# So sad.. :(



## Ciddian (Mar 15, 2006)

http://www.cnn.com/2006/WORLD/asiapcf/09/04/australia.irwin/index.html


----------



## holocron (Mar 12, 2006)

OMG! This is such a tragic loss.


----------



## Ciddian (Mar 15, 2006)

Yea.. I honestly am really upset about it. I cant watch the news..
All i think about is his two kids and terry..


----------



## Westender (Mar 24, 2006)

I am so bummed out - I couldn't believe it was true. There have always been rumours circulating of his untimely death.


----------



## Thistle (Jun 4, 2006)

Bloody awful way for him to go! Such a fluke accident when you consider wet suit, tank harness and ribcage yet the stingray's barb still got it.  

The animal world has lost a great hero and protector that will be felt for many years to come.


----------



## Pablo (Mar 27, 2006)

OK... guys... this guy used to hold black mambas by the frigging tail and jump back when they lunged at him and missed him by 4"...

He was far too complacent for his own good.

And are we forgetting he once dangled his baby a-la-jacko over CROCODILES?


----------



## Ciddian (Mar 15, 2006)

He didnt dangle his child over crocks LOL he was like a few feet away. He already apologized about it... 

He did do some dangerous stuff... But fuck. Good for him. Least he's done way more and seen way more than i have...

He's fought so hard for the animals and now he's gone. And he cant back himself up unfortunatly against you Pablo.


----------



## wtac (Mar 17, 2006)

Unfortunately, like it or not, sensationalism gets the ratings. 

Steve Irwin had done ALOT raising awareness, appreciation, dispelling myths and urging conservation for critters that aren't aren't considered cute and cuddly for the masses. Sure he has done a few inappropriate acts.

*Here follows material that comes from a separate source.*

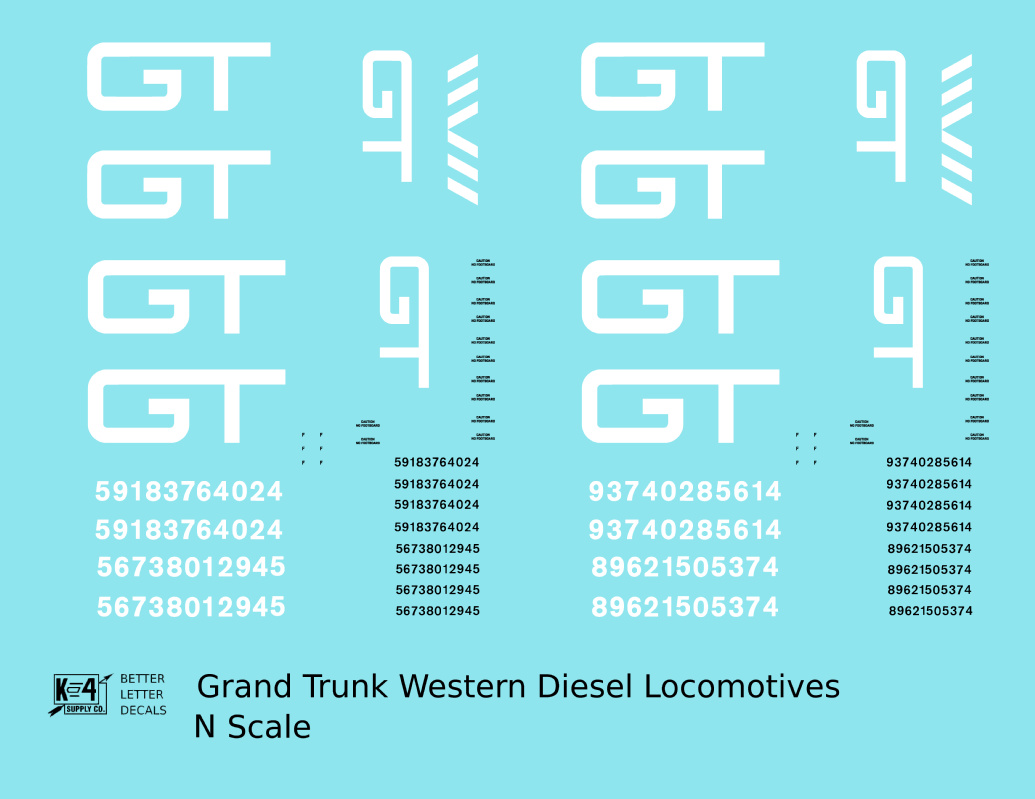 Grand Trunk Western Diesel Locomotive White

To err is human but it takes a greater person to take responsibility, IMHO.

His experience has saved his proverbial a$$ many a time. I cannot remember a time that when he gets one of those close calls that he emphisizes that he's the one encroaching and the animal is doing whatever the animal does for it's own survival. This time, he was at the wrong place at the wrong time.

A great human being that will be missed. He died doing what he loved.


----------



## nightowl1350 (Mar 19, 2006)

Sad he went on such a fluke, he has done many much more hazardas things in his day. It was all the talk at my son's school on the first day.


----------